• [Given information]
---+---

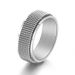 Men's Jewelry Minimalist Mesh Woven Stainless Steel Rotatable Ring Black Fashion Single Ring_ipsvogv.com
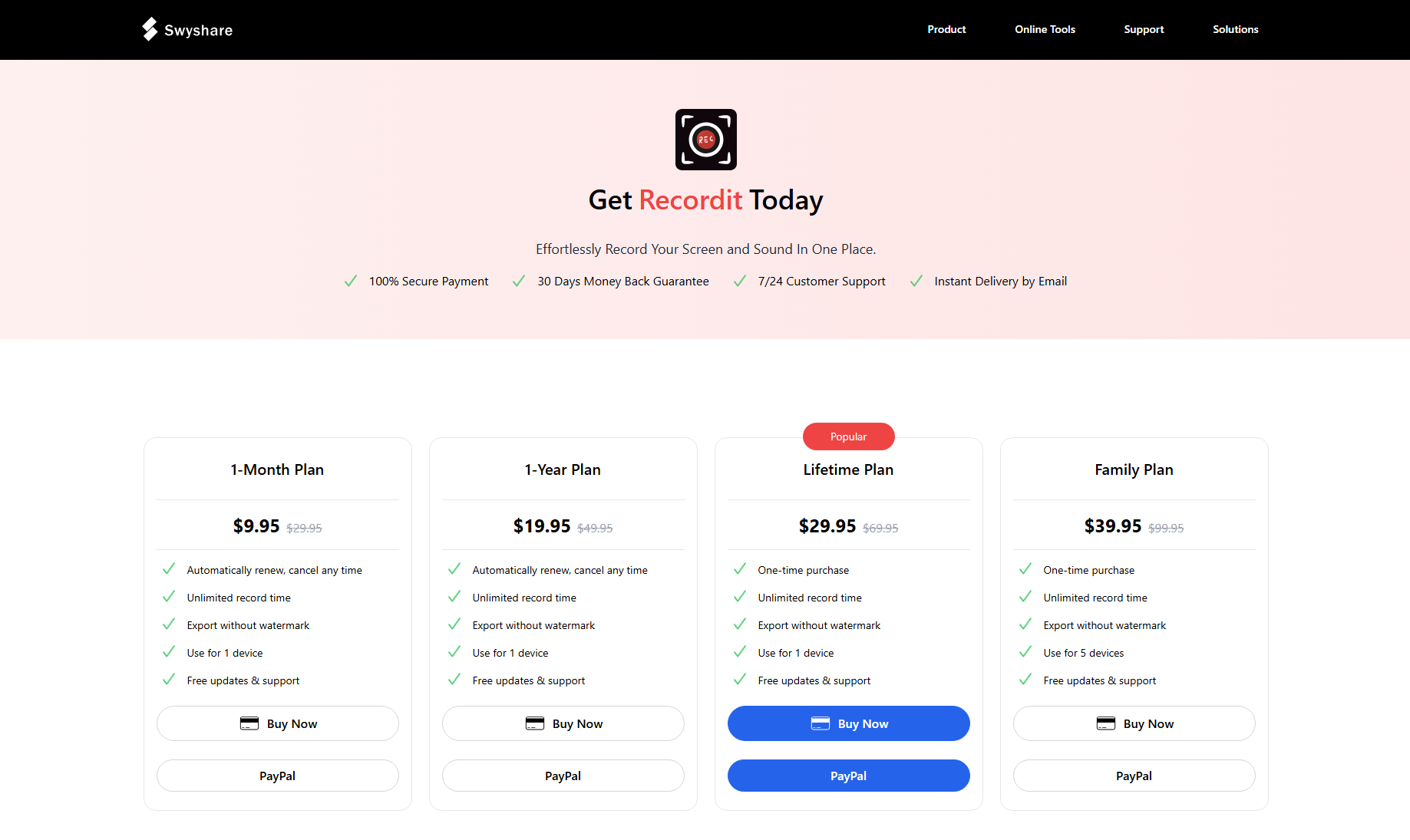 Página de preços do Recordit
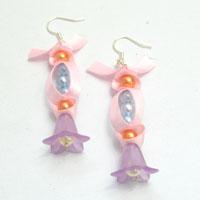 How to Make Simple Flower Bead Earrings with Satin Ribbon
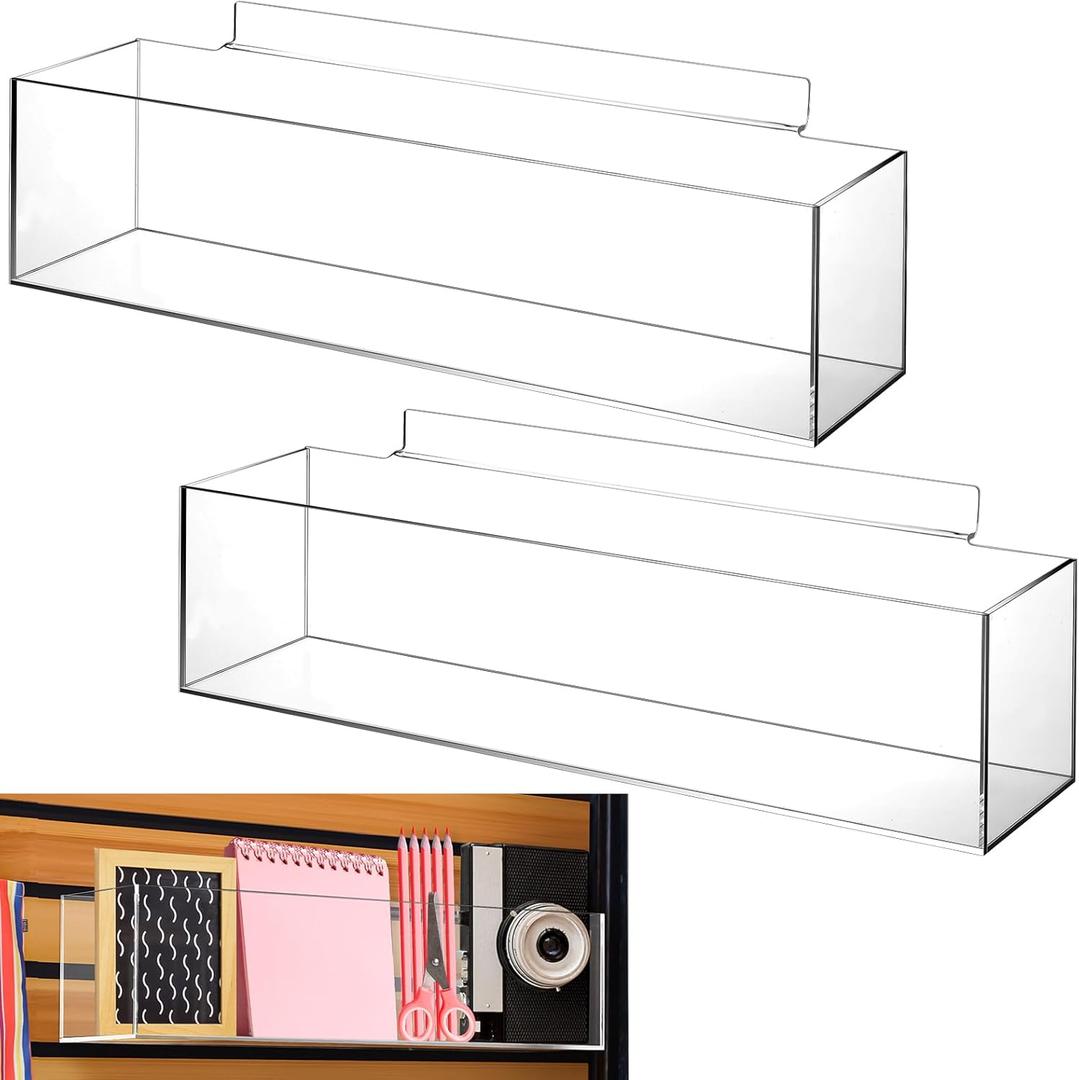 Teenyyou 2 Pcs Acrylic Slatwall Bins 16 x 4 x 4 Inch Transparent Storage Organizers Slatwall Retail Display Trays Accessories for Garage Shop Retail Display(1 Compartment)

---+---

• [What the task asks] When you copy the listing above, reproduce every line exactly and skip the images.

• [Answer for the task]
 Men's Jewelry Minimalist Mesh Woven Stainless Steel Rotatable Ring Black Fashion Single Ring_ipsvogv.com
 Página de preços do Recordit
 How to Make Simple Flower Bead Earrings with Satin Ribbon
 Teenyyou 2 Pcs Acrylic Slatwall Bins 16 x 4 x 4 Inch Transparent Storage Organizers Slatwall Retail Display Trays Accessories for Garage Shop Retail Display(1 Compartment)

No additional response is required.